Caption-style text data:
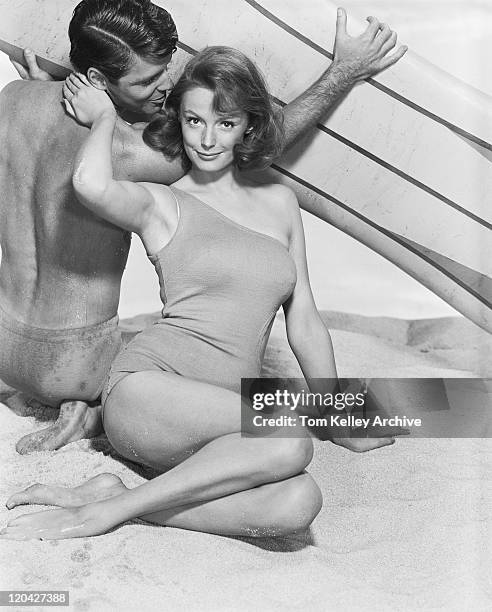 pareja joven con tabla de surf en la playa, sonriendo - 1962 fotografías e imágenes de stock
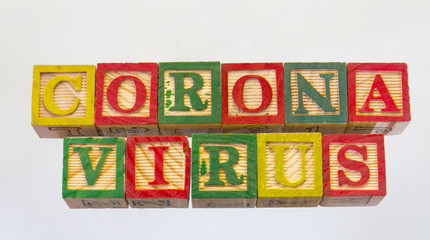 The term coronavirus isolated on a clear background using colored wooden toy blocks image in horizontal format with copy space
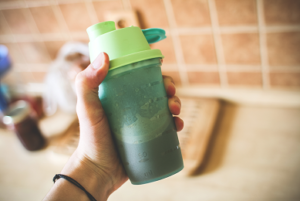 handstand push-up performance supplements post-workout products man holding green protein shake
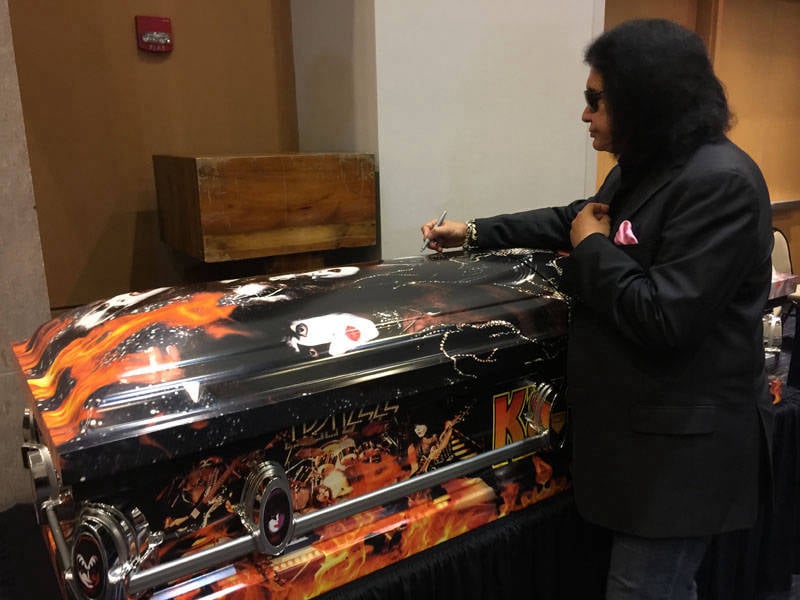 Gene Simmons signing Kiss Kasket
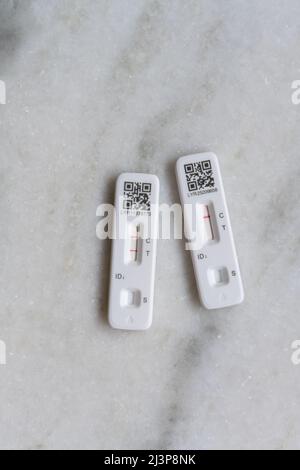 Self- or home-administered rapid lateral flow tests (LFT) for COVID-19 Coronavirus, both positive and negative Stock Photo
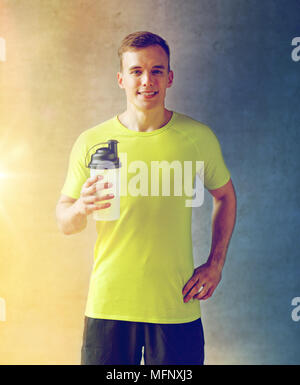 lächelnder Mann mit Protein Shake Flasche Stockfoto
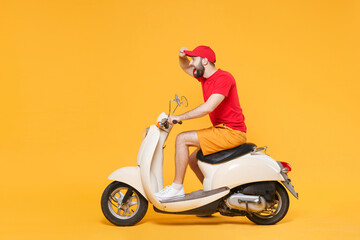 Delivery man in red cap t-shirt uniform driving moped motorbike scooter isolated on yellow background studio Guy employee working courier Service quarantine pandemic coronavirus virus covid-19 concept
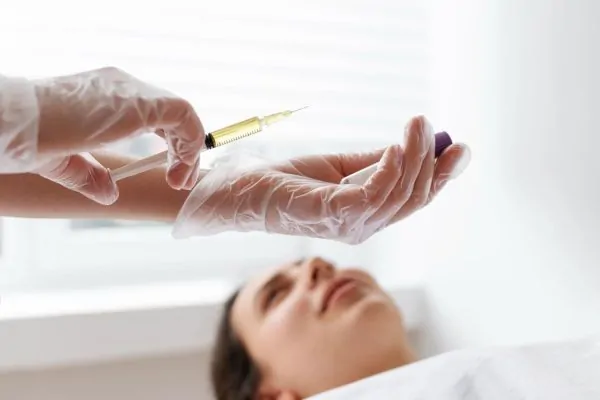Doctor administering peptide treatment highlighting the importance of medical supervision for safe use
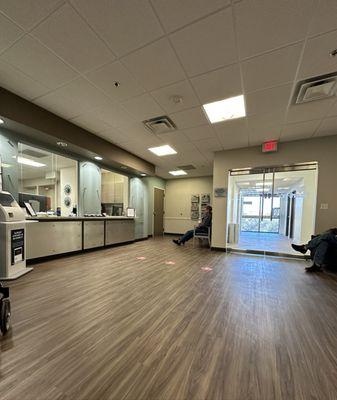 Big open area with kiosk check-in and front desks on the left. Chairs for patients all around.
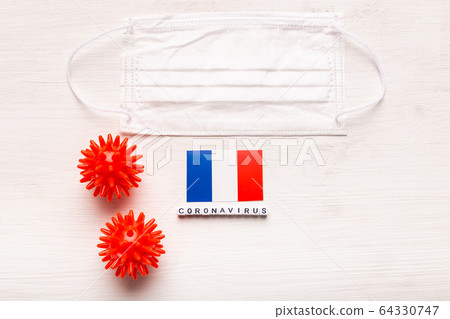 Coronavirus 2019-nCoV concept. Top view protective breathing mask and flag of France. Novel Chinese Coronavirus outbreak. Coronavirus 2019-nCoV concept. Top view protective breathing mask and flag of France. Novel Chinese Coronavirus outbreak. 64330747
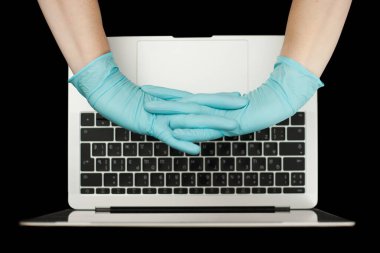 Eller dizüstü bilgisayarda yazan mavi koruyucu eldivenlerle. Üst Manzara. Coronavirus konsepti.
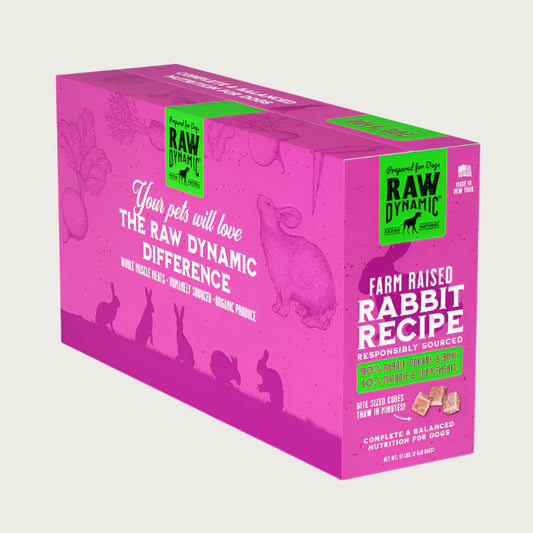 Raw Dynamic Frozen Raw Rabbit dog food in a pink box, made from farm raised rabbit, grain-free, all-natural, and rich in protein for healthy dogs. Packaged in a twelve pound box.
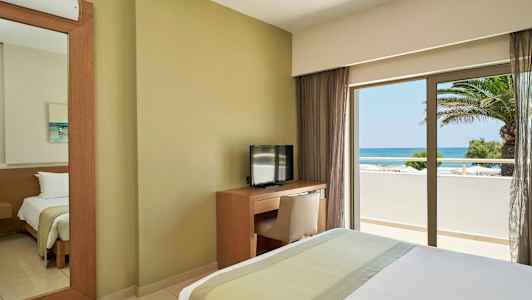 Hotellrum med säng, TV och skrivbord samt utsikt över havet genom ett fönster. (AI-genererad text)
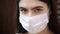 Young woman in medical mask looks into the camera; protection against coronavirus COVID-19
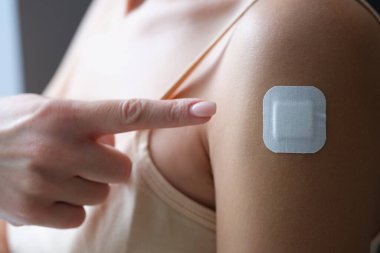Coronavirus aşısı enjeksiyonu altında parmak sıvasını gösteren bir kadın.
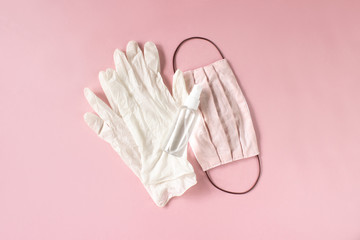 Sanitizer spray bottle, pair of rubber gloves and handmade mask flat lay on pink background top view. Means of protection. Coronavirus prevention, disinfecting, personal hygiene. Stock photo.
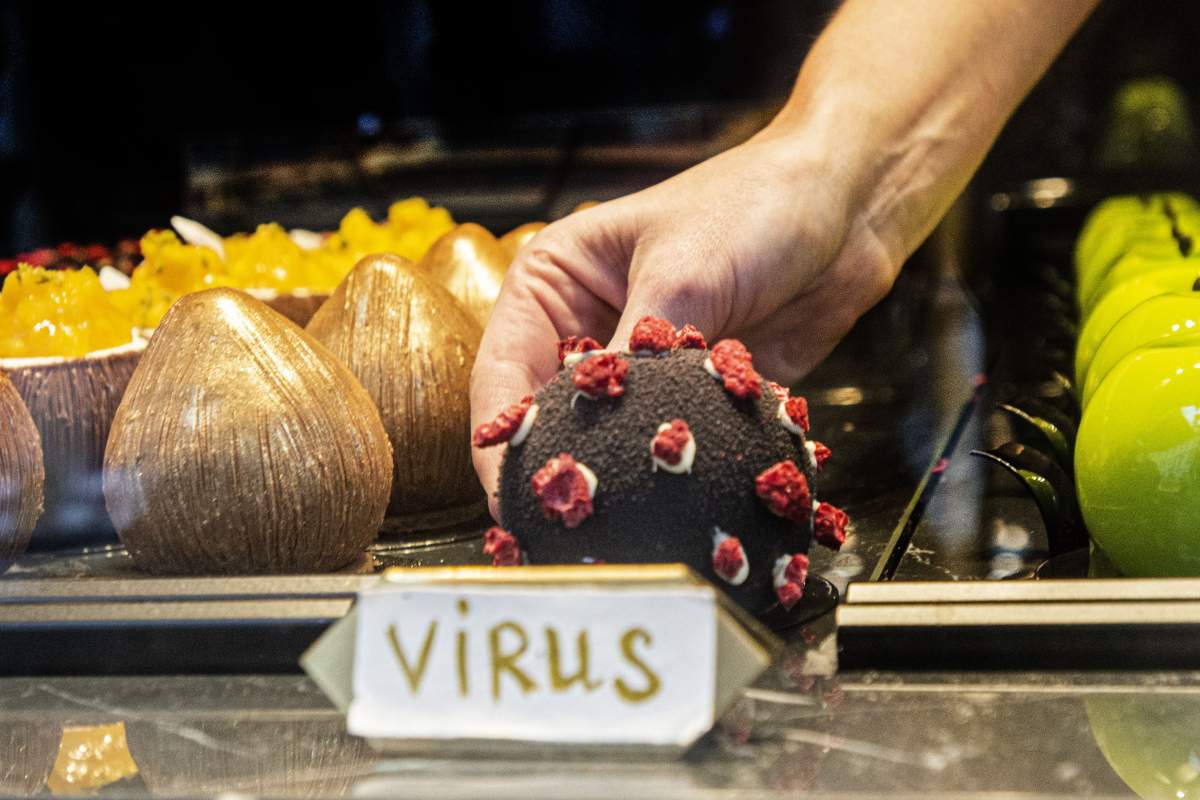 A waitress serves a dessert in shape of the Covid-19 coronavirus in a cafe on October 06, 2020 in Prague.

[Work request]: Without any pictures, output the entries above exactly as they appear.

[Result]:
 pareja joven con tabla de surf en la playa, sonriendo - 1962 fotografías e imágenes de stock
 The term coronavirus isolated on a clear background using colored wooden toy blocks image in horizontal format with copy space
 handstand push-up performance supplements post-workout products man holding green protein shake
 Gene Simmons signing Kiss Kasket
 Self- or home-administered rapid lateral flow tests (LFT) for COVID-19 Coronavirus, both positive and negative Stock Photo
 lächelnder Mann mit Protein Shake Flasche Stockfoto
 Delivery man in red cap t-shirt uniform driving moped motorbike scooter isolated on yellow background studio Guy employee working courier Service quarantine pandemic coronavirus virus covid-19 concept
Doctor administering peptide treatment highlighting the importance of medical supervision for safe use
 Big open area with kiosk check-in and front desks on the left. Chairs for patients all around.
 Coronavirus 2019-nCoV concept. Top view protective breathing mask and flag of France. Novel Chinese Coronavirus outbreak. Coronavirus 2019-nCoV concept. Top view protective breathing mask and flag of France. Novel Chinese Coronavirus outbreak. 64330747
 Eller dizüstü bilgisayarda yazan mavi koruyucu eldivenlerle. Üst Manzara. Coronavirus konsepti.
 Raw Dynamic Frozen Raw Rabbit dog food in a pink box, made from farm raised rabbit, grain-free, all-natural, and rich in protein for healthy dogs. Packaged in a twelve pound box.
 Hotellrum med säng, TV och skrivbord samt utsikt över havet genom ett fönster. (AI-genererad text)
 Young woman in medical mask looks into the camera; protection against coronavirus COVID-19
Coronavirus aşısı enjeksiyonu altında parmak sıvasını gösteren bir kadın.
 Sanitizer spray bottle, pair of rubber gloves and handmade mask flat lay on pink background top view. Means of protection. Coronavirus prevention, disinfecting, personal hygiene. Stock photo.
 A waitress serves a dessert in shape of the Covid-19 coronavirus in a cafe on October 06, 2020 in Prague.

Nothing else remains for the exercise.